Looking through the Google Transparency Report
Shock! Horror! We’re living 1984. Or maybe not so much.
The latest Google Transparency Report shows what the media has been calling an “alarming” and “troubling” increase in government requests for user information which are now “at an all time high” and have “skyrocketed to new levels”. Wow, scary stuff.
So what was this alarming increase?
The Report details government requests for Google users’ data. Globally there were 20,938 requests in the first half of 2012 and 21,389 in the second half (that’s a 2 per cent increase). In Australia there were 523 requests in the first half of 2012 and 584 in the second half (an, even more significant, 12% increase). And don’t percentage changes always look so impressive when you are dealing with a low base?

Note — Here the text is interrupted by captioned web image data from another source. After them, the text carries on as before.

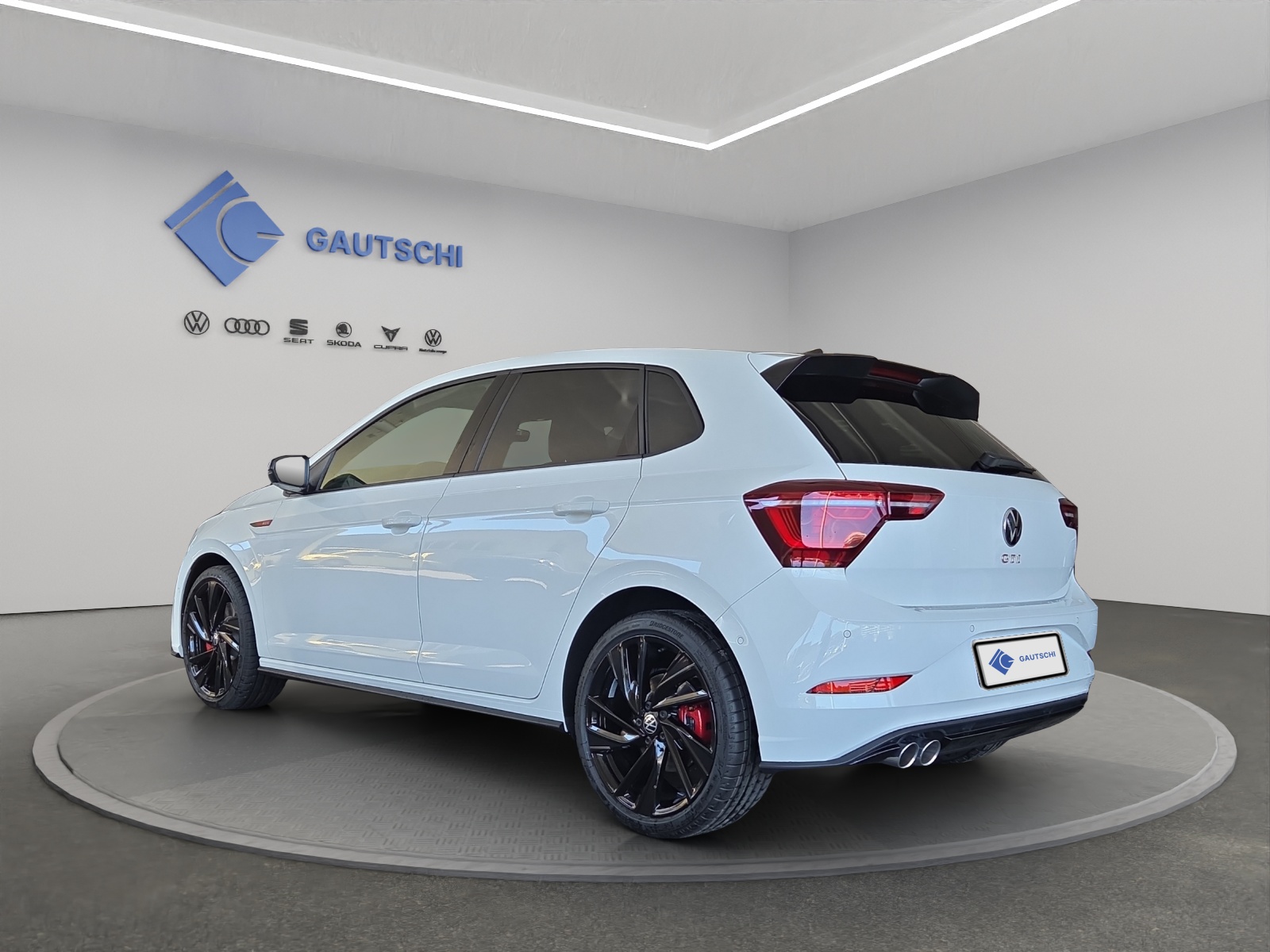 VW Polo 2.0 TSI GTI DSG-image-2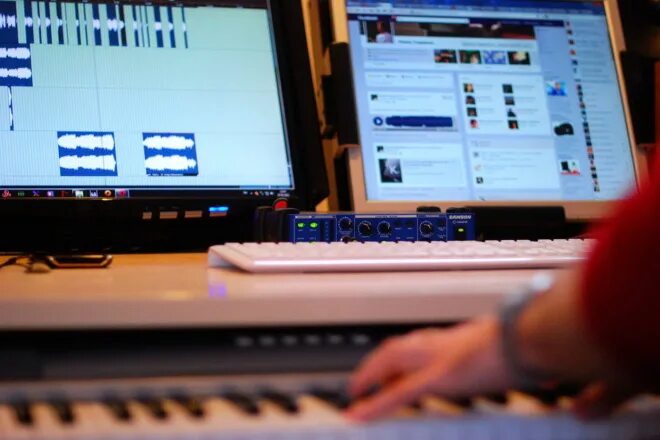 Создание аранжировки. Музыкальная студия. Компьютерная аранжировка. Создание аранжировки. Красивая студия звукозаписи.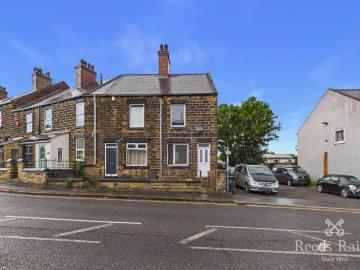 2 bedroom end of terrace house to rent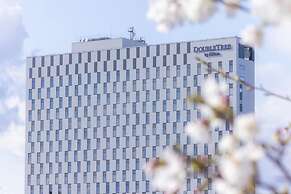 DoubleTree by Hilton Osaka Castle
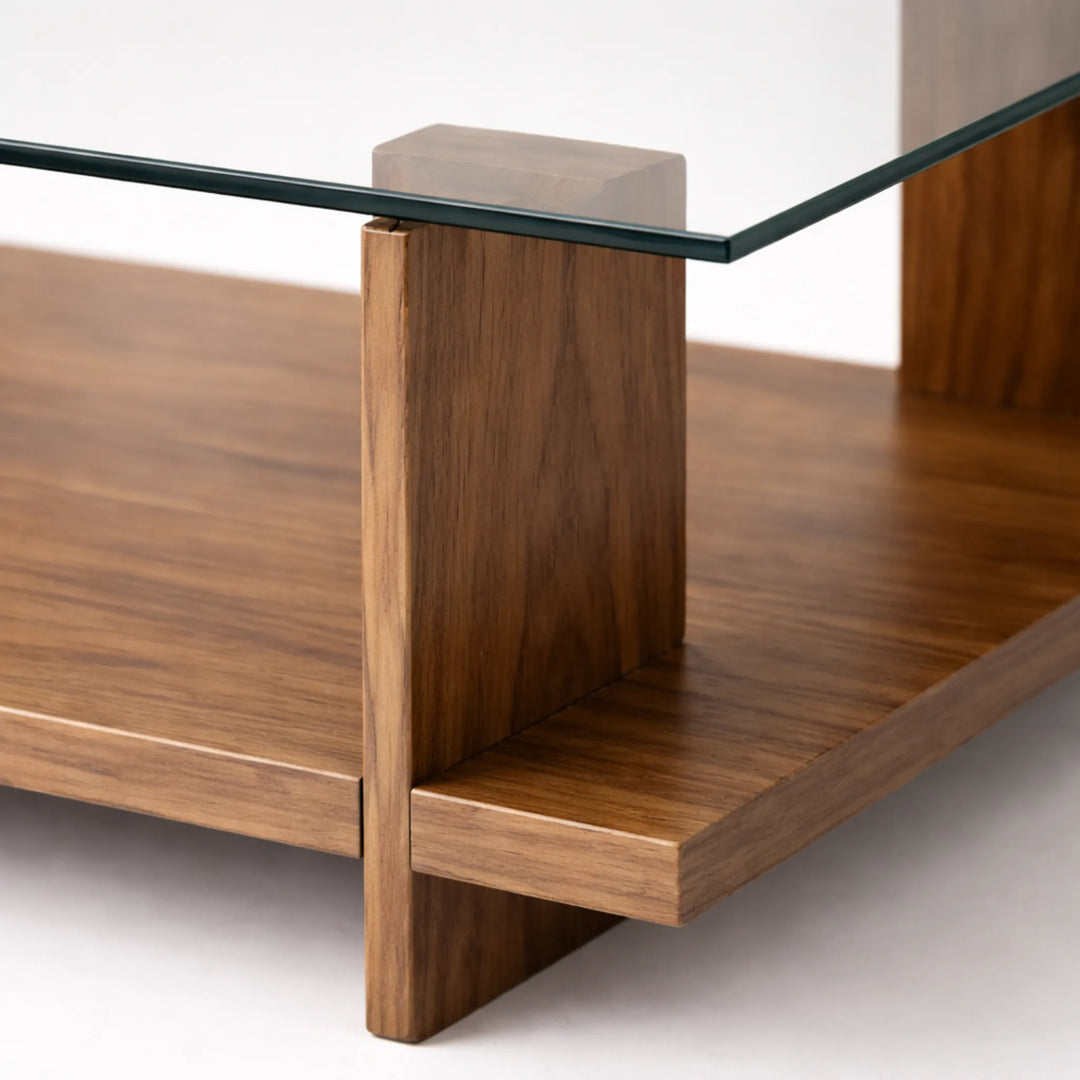 detalle de mesa de centro con estructura de madera y cristal templado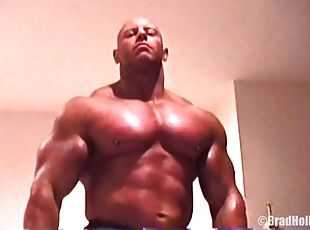 A real bodybuilder! 9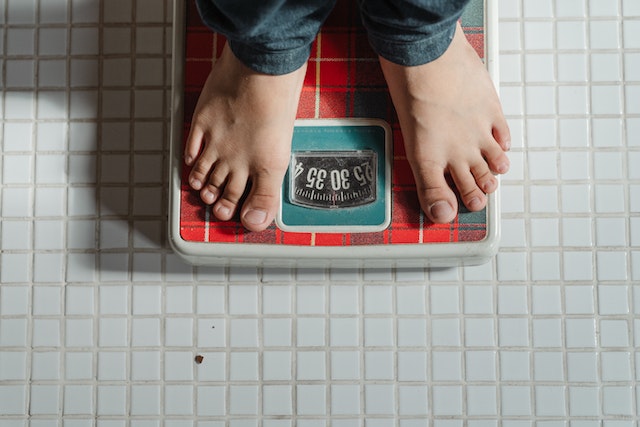 Choosing the best non-surgical weight loss option may seem daunting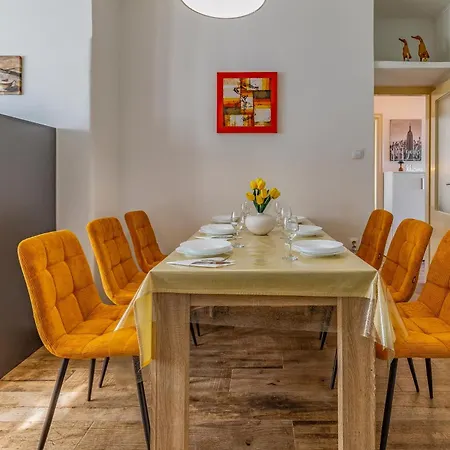 Big With Free Parking Apartman Pula
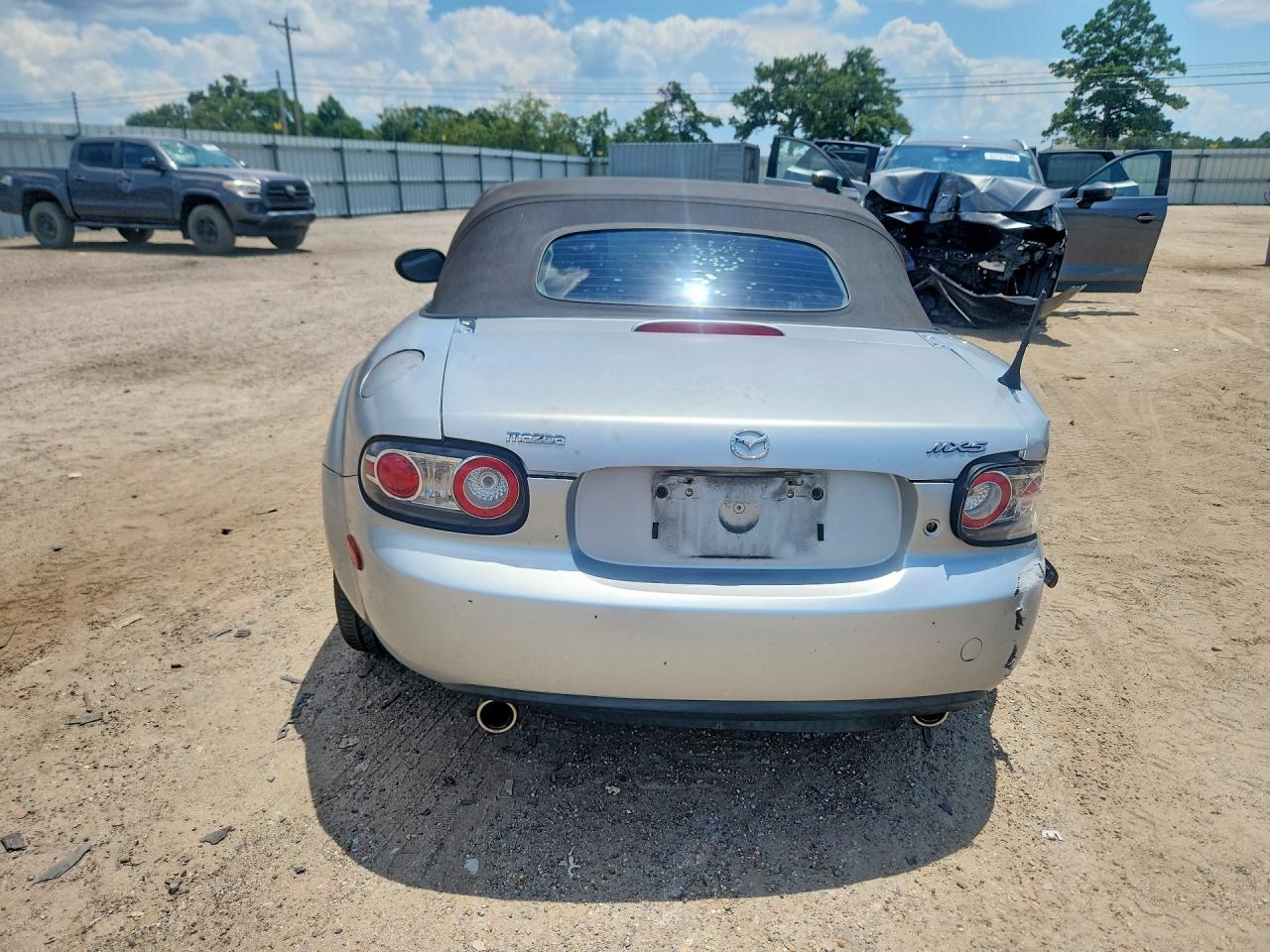 2006 Mazda Mx-5 Miata Silver vin: JM1NC25F160105872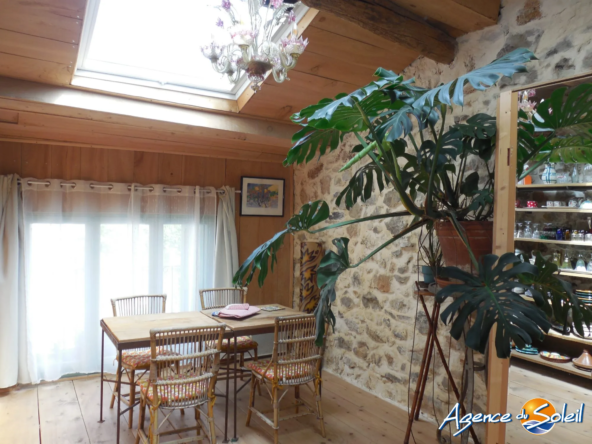Maison de village en pierres rénovée avec balcon à La Palme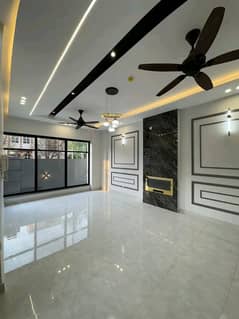 BEAUTIFUL UPPER PORTION FOR RENT AVAILABLE WITH GAS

But more significantly is that these numbers are absolutely tiny when compared with the number of Google users. Google has between 200 and 400 million accounts. The percentage of accounts where information has been requested is simply tiny. And while we’re comparing things it’s crucial to remember that Google is actually publishing these numbers – we have no comparison with other service providers, let alone with the telecoms companies.
Now don’t get me wrong, Google holds a lot of information and that information deserves to be protected from casual view. Governments should not have the right to just rock up and take a look. But then that’s the point – they don’t. Google complies with properly authorised requests; and it counts them and tells the world what’s going on. There’s equally no question that the number of requests is going up, but then so is the number of users and the range of circumstances when user information could be useful to an agency – a few years ago Google would not have held location data for example. So while the Transparency Report numbers are interesting and absolutely worthy of monitoring, they are a long way short of apocalyptic.
Keeping a vigilant eye on what’s happening to your own personal data and to all of our data is a crucial part of participation in a modern society. Privacy is yet another area where society’s rules and norms have yet to settle down into some sort of balance with what technology allows, if they ever will. But at the same time it’s important to retain some sense of perspective on these things.
Of course in a better world it would not be Google publishing a report on requests for information by the Government; it would be the Government publishing a report on all requests for information it had made to everyone. Now maybe that would be really scary.